Friday Professional Group


The Winter Interview Wonderland

A friend of mine buried neck-deep in snow up in Edmonton and getting ready for an interview sent me a text message yesterday saying “why don’t you do a blog about interviewing in the winter?!” Thanks for the great idea, Stephanie, and I hope your interview was wonderful!

Interviews can be stressful at the best of times and nasty weather just adds one more variable into your preparations – but as long as you do factor the weather into your interview prep, there should be no reason to let some Alberta snowstorm get in the way of you getting there and giving a great interview.

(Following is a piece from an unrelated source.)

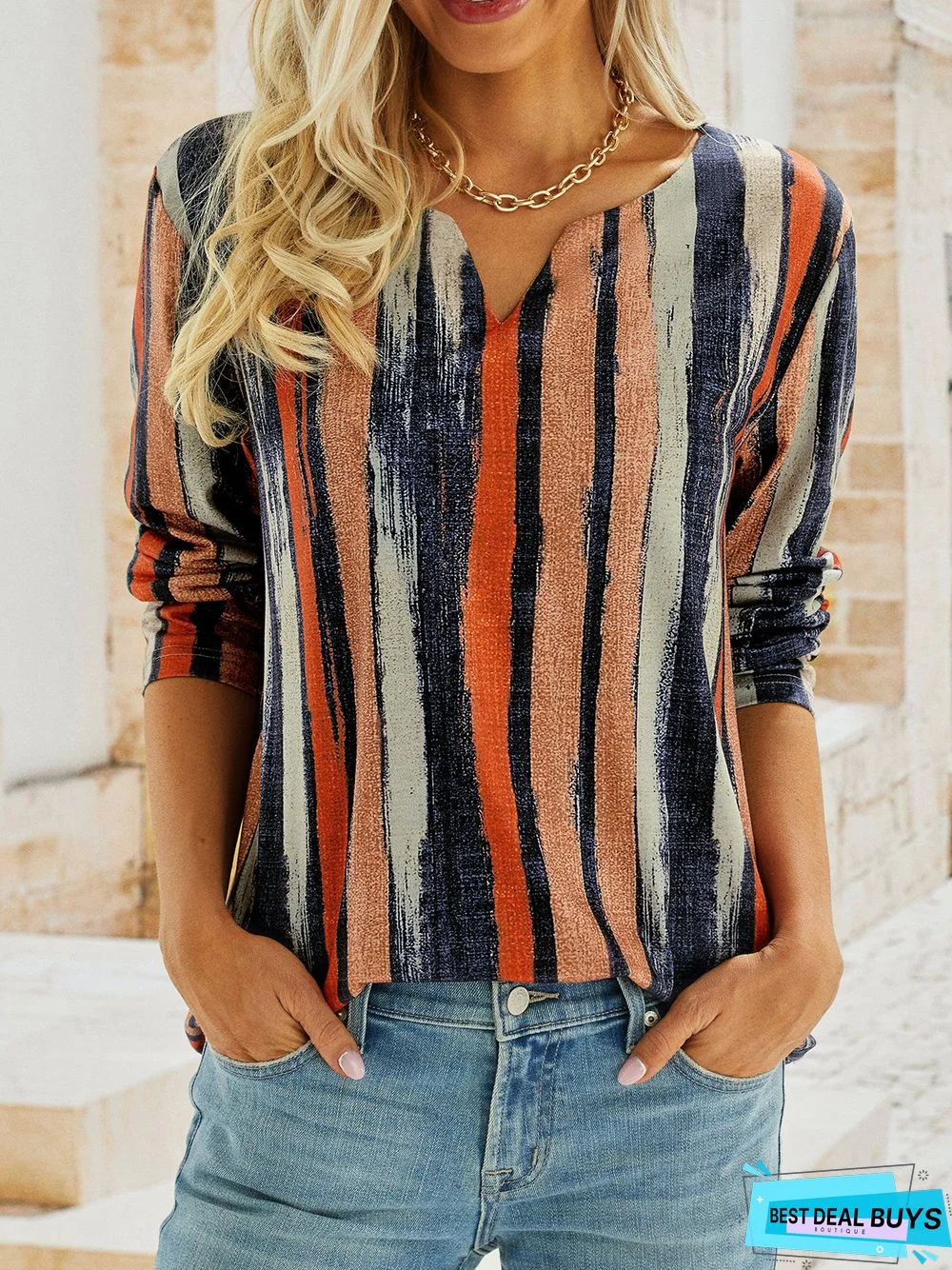 Long Sleeve Casual Striped T-Shirt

Let’s face it – the getting there can be the most daunting part of that “getting to an interview in inclement weather” proposition, especially if you are interviewing in an unfamiliar part of town. A standard interviewing tip is to know where you’re going and to plan to be there 5-10 minutes early – I would propose that this is doubly important when the weather is frightful. If you’re driving, I’d recommend leaving double the time you would normally allot to travel – and inform yourself about the parking situation! Especially when the snow flies, parking in some parts of Calgary can be difficult to find and expensive. You’ll want to leave enough room in your travel time for parking and possibly walking to the interview location. I am an ardent fan of the 660 News Traffic Twitter feed (@660NewsTraffic) for checking up-to-the-minute traffic information before I leave the house, and radio stations in Calgary announce frequent traffic updates especially during rush hours. Also, Google Maps’ Street View service (https://www.google.com/maps/views/home?hl=en-CA&gl=ca) lets you get a peek at the area around an unfamiliar address if you’re not able to drive down in advance to get a feel for the location – it can give you some good hints on parking. The Calgary Parking Authority (www.calgaryparking.com) also lists lot locations around the city. 

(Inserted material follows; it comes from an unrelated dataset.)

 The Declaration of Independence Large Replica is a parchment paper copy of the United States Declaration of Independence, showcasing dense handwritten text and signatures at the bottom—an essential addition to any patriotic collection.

We all appreciate Calgary Transit’s hard work moving people around our big city; and it’s understandable that bad weather can snarl traffic and transit alike. The Calgary Transit Twitter feed (@calgarytransit) is one of the best I’ve ever seen for keeping customers up to date on delays and for responding to queries quickly and accurately. The Calgary Transit website (www.calgarytransit.ca) offers a great trip-planning service – but remember that when it snows, delays on busses and C-trains can occur, and leave yourself even more extra time. Again, we usually recommend that you arrive 5-10 minutes early for an interview, but I think a few minutes even earlier than that is completely understandable and even a good sign when the weather is bad – it gives a good impression that you planned ahead.

Are bad roads ever an excuse for arriving at an interview late? Well…I talked to one of our recruiters, and while she wouldn’t come out and say “no, they’re not ever an excuse,” she agrees with me that if you’re leaving yourself extra time and planning ahead, chances are good you can take “bad roads making you late” out of the equation altogether. As with any unexpected delay, though, always call as soon as you realize you’ll be delayed and offer to reschedule.

So, you’re going to be on time – fantastic! But what will you wear? Even if you’re fortunate enough to be driving to an interview, that pesky Calgary parking situation means you’ll likely want to be bundled up and especially wearing puddle-and-ice-proof footwear! You’ll still want to look polished and professional, however – wool overcoats are preferable to down jackets for a sharper look, and you can’t go wrong with sensible black boots for a professional image. I’ve heard of people covering their boots with plastic bags to get from the car to the door – as long as those plastic bags are hidden away in a coat pocket before coming into the office, I say “whatever works.”  Some experts also advise, especially for people who aren’t driving to their interview, wearing winter boots and then changing them in the washroom; bringing along a bag to keep them with their overcoat. This would work out at our office – we have a spot where I keep my winter boots, in fact – but I’d hesitate to recommend it for an interview at other offices where I wasn’t sure of their coat-closet situation. It isn’t quite as professional as choosing footwear which can hold up to both the outdoors and the interview setting. (Bringing shoes to change into is preferable, though, to wearing clunky snow boots into an interview). A nice, warm, solid-colored scarf, gloves (not ski gloves!), and a pair of earmuffs completes your on-my-way-to-an-interview-in-the-winter look. Plus, while you’re planning all that extra time – add on a couple of minutes for a washroom break to make sure the elements haven’t gotten to your hair!

I really believe there are enough things to worry about when you land an interview, so winter wreaking havoc on your plans doesn’t have to be one of them. Remember to leave yourself lots of extra time (more than usual), know exactly where you’re going, and be confident in what you’re wearing to arrive there warm and safe!